The capital city of Sardinia, Cagliari is an attractive port dominated by its hilltop Castello, a medieval walled quarter situated high over the rest of the town.
Here’s some photos from my recent short visit
Any city station that greets you with a preserved steam locomotive is OK in my book!
Cagliari has seen the rule of several civilisations, with a continuous human settlement dating back some five thousand years.
Now a regional cultural, educational, political and artistic centre, it’s also Sardinia’s economic and industrial hub, having one of the biggest ports in the Mediterranean Sea.
D. H. Lawrence, in his memoir of a voyage to Sardinia, Sea and Sardinia, that he undertook in January 1921, described the effect of warm Mediterranean sunlight on the white limestone city and compared Cagliari to a “white Jerusalem”. [—]
Cagliari city hall, Bacaredda Palace.
Climbing up to the Castello neighbourhood.
This faded fascist slogan at the back of a building near Piazza Indipendenza and Via Pietro Martini, used to read:
The Italian people have created with their blood the Empire. They will make it fruitful with their work and they will defend it against anyone with their weapons.

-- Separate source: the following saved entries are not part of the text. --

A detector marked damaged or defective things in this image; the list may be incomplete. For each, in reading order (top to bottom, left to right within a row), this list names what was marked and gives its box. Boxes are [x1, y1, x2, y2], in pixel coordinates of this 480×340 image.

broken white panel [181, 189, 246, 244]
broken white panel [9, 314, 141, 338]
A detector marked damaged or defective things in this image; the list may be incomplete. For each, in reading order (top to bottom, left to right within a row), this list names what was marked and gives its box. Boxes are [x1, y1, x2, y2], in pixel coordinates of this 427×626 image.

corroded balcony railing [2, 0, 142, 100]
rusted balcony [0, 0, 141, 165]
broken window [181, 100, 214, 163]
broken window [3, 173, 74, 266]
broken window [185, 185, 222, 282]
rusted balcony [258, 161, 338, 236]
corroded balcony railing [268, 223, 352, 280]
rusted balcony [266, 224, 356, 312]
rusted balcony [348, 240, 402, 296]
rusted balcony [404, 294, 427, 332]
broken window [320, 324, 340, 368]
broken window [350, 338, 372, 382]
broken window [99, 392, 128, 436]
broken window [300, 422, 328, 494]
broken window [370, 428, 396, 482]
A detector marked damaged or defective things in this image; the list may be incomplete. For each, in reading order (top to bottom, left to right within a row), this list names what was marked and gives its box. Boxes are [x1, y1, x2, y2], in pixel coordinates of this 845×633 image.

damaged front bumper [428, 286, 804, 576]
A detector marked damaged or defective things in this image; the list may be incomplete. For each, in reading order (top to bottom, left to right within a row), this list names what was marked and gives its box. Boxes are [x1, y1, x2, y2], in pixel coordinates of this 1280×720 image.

Sunset over the docks of Cagliari .
Sunset from Via Santa Croce.
Cagliari Cathedral is a Roman Catholic cathedral dedicated to the Virgin Mary and to Saint Cecilia.
Built in the 13th century in Pisan-Romanesque style, obtaining cathedral status in 1258, it is the seat of the archbishop of Cagliari.
‘Blonde Beer Well 16,’ is produced in Sardinia in the ancient premises of the Montevecchio mine.
Brewed locally in Sardinia, the Birra Ichnusa brewery opened in 1912 in Cagliari before relocating a short distance away inAssemini.
It’s a lovely beer, although it was was swallowed up by the all -conquering Heineken group in 1986.
Completed in 1307, and featuring walls made of thick limestone blocks, the Elephant Tower was built to protect the south-western side of Castello and stands over thirty meters high.
The immense city wall.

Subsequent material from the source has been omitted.